東京オリンピック・パラリンピックをめぐって汚職事件に続き、新たな不正疑惑が明らかになりました。
五輪テスト大会で談合か
電通本社など家宅捜索
午前10時すぎ、特捜部の係官などが向かったのは広告最大手「電通」の本社です。
今度は東京オリンピックのテスト大会をめぐる談合疑惑が浮上。独占禁止法違反の疑いがあるとして東京地検特捜部と公正取引委員会が合同で家宅捜索に入りました。。
宮崎文子記者
午後8時30分すぎです。暗くなっている社内から捜査関係者だと思われる係官らが次々と階段を降りていく様子が伺えます。
強制捜査はテスト大会に関する業務などを受注したイベント制作会社のセレスポのほか、大会組織委員会の運営局元次長の自宅などにも及びました。
問題となっているのが大会組織委員会が行ったオリンピックテスト大会の計画立案など26件の事業についての競争入札。
電通や今のADKなどの広告会社やセレスポなど9つの会社と1つの共同事業体が総額およそ5億円あまりで落札しました。
関係者によるとこの競争入札で事前に落札者を決める受注調整、つまり談合を行った疑いが持たれています。
さらに入札で決まった5億円分とは別に実際のテスト大会や本番での競技運営についてもそのまま随意契約が締結されていて、その総額は数百億円にのぼるとみられます。
今回の一斉捜索を受け、電通は…
電通
多大なるご心配、ご迷惑をおかけしていることを心よりおわび申し上げます。
全容の解明に向けて調査に全面的に協力してまいります。
解明のカギは"課徴金減免"?
11月25日の強制捜査を受け、この人は…
東京都
小池知事
よく使われる言葉かもしれないが誠に遺憾。
調査チームを設置した東京都。組織委員会に派遣されていた都の職員などから聞き取り調査を行うとしていて、年内にも中間まとめを公表する方針です。
東京都
小池知事
捜査には全面的に協力するように伝えている。
11月25日に一斉捜索が行われた談合疑惑。発端となったのは別の事件、すでに起訴されている元理事らによる汚職事件なのです。
汚職事件で前社長などが逮捕・起訴されたADKが公正取引委員会に対し、受注調整があったと自主申告したとみられます。
ここで使われたのが独占禁止法の課徴金減免制度です。
課徴金減免制度とは関与した事業者自らが違反内容を自主申告すれば課徴金が減額されるというもの。捜査が始まる前、1番目に申告すれば全額免除、その後は申請順位と協力の度合いによって課徴金が少なくなります。

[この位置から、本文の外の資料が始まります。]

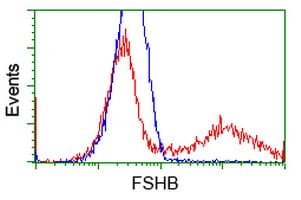 FSHB / FSH Beta Antibody (clone OTI4E8)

公正取引委員会での勤務経験もある酒井弁護士によると…
公正取引委員会で勤務経験
堂島法律事務所
酒井紀子弁護士
最近はコンプライアンスという形で企業の中でも法令順守が非常に厳しくなっているので、違反行為をしたことを明らかにしていくことの方が事業者にとってメリットがあると捉えられる。
過去にはリニア中央新幹線の工事をめぐり大手ゼネコン4社が談合した、いわゆる「リニア談合事件」でもこの制度が使われました。談合を自主申告した大林組と清水建設への課徴金は3割減額されました。
酒井弁護士は今後、後に続く企業が出てくる可能性もあると指摘します。
公正取引委員会で勤務経験
堂島法律事務所
酒井紀子弁護士
1社が減免申請すると証拠なども公正取引委員会にいくので、そうすると他の事業者も申請しないと減免申請によるメリットを受けられない。
1社申請すると次々に申請するという形になる。
オリンピックへの不信をさらに深めた談合疑惑。特捜部と公正取引委員会は押収した資料などを分析し、実態解明を進めます。